Sorry about all the questions lately! I’m just starting to use restic for backup, and am trying to understand some of the subtleties of its behavior in order to optimize my usage.
As I understand it (see here) the --parent flag is only used in backup during the scan of pending included files. Depending on what’s in the parent, one of two things happens:
- file in parent: metadata (mtime, inode, etc?) compared to determine if full file read/dedup is necessary, which avoids reading in the entire file to detect changes
- file not in parent: no metadata comparison available, so full file is always read/deduplicated
There is no change to the data stored in the repo, but backup scan time is greatly improved if metadata comparison is available.
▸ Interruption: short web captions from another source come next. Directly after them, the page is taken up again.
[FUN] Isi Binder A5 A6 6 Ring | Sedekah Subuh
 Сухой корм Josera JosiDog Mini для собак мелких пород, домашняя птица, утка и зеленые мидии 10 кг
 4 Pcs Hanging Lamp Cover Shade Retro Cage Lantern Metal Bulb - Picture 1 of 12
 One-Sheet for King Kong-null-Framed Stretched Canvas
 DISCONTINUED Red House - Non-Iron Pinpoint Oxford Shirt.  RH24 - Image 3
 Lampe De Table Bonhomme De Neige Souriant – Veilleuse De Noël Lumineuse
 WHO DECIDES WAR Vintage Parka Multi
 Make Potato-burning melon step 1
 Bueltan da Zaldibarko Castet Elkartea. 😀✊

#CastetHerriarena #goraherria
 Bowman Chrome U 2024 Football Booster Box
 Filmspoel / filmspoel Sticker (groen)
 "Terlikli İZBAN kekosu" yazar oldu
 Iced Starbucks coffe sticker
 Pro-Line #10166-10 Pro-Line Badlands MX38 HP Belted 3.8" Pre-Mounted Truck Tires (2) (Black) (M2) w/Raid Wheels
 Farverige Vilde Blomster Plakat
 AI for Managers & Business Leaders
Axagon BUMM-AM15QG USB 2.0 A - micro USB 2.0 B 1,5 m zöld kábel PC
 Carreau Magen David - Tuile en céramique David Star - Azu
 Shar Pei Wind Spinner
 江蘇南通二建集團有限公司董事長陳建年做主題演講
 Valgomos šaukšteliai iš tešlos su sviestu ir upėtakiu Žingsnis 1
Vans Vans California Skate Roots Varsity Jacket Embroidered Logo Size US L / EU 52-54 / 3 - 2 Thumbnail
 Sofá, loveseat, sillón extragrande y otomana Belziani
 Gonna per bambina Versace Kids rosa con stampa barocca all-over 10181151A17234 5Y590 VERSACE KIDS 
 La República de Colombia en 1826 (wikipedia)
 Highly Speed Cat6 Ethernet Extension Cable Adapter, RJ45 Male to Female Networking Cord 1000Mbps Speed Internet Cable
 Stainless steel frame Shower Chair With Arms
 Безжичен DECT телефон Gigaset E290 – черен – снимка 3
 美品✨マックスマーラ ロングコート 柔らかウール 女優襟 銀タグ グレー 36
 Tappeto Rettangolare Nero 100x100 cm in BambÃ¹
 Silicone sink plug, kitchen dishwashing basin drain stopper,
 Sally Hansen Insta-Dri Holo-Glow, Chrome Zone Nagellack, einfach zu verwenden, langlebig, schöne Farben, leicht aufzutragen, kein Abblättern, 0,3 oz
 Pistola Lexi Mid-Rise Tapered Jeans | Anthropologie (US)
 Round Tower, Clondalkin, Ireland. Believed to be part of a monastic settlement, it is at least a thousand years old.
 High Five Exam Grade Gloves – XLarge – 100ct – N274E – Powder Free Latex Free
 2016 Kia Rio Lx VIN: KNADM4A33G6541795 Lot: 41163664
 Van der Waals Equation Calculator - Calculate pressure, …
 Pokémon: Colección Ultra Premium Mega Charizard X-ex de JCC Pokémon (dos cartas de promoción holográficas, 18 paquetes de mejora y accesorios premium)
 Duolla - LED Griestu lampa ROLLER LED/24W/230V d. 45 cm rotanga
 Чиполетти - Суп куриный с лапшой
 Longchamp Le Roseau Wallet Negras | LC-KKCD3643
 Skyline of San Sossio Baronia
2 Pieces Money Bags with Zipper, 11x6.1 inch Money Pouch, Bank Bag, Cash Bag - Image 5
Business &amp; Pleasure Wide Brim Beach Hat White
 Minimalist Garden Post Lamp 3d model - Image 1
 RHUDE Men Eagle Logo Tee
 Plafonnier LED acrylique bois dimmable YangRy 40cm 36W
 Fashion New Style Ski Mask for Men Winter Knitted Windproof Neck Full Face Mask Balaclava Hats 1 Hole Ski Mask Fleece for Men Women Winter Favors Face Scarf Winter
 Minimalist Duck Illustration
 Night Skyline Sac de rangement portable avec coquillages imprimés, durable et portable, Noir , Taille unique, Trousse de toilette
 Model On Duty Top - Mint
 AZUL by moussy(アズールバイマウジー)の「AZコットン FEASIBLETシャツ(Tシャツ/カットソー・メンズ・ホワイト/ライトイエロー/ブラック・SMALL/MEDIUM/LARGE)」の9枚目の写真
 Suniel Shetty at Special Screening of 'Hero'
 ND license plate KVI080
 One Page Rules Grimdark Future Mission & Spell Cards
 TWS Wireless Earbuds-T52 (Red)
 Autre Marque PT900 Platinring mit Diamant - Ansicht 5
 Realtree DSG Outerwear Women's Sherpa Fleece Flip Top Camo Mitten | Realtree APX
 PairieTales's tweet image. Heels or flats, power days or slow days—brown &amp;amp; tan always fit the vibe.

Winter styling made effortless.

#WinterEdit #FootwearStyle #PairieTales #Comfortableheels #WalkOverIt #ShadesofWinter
So ideally the parent would be very large and contain metadata for every pending file.
I’m trying to figure out why only a single snapshot can be used as a parent. Presumably it’s to limit complexity and memory usage, but are there cases where you wouldn’t want as large a parent as possible?
I began looking at this while running a few backups on different directories, where the first two roughly summed to the third:
- backup /home/foo
- backup /home/bar
- backup /home
I expected the third backup to go quickly, since most of its files had been previously added to the repo. But it took as long as a new /home scan, due to no directory-matching parent. I could have selected 1 or 2 manually, but I didn’t think to do that beforehand.
Perhaps it would be possible to have a parent object that doesn’t directly correspond to a single snapshot? Then you could merge snapshots according to some policy (last N, dir/host/tag matching, merged size, etc.) for more metadata and faster backup scans.
…or maybe my usage is broken and isn’t expected to work efficiently? My mental model was that backup speed depends on what’s been added to the repo, not the order of snapshot creation or the per-snapshot directory spec.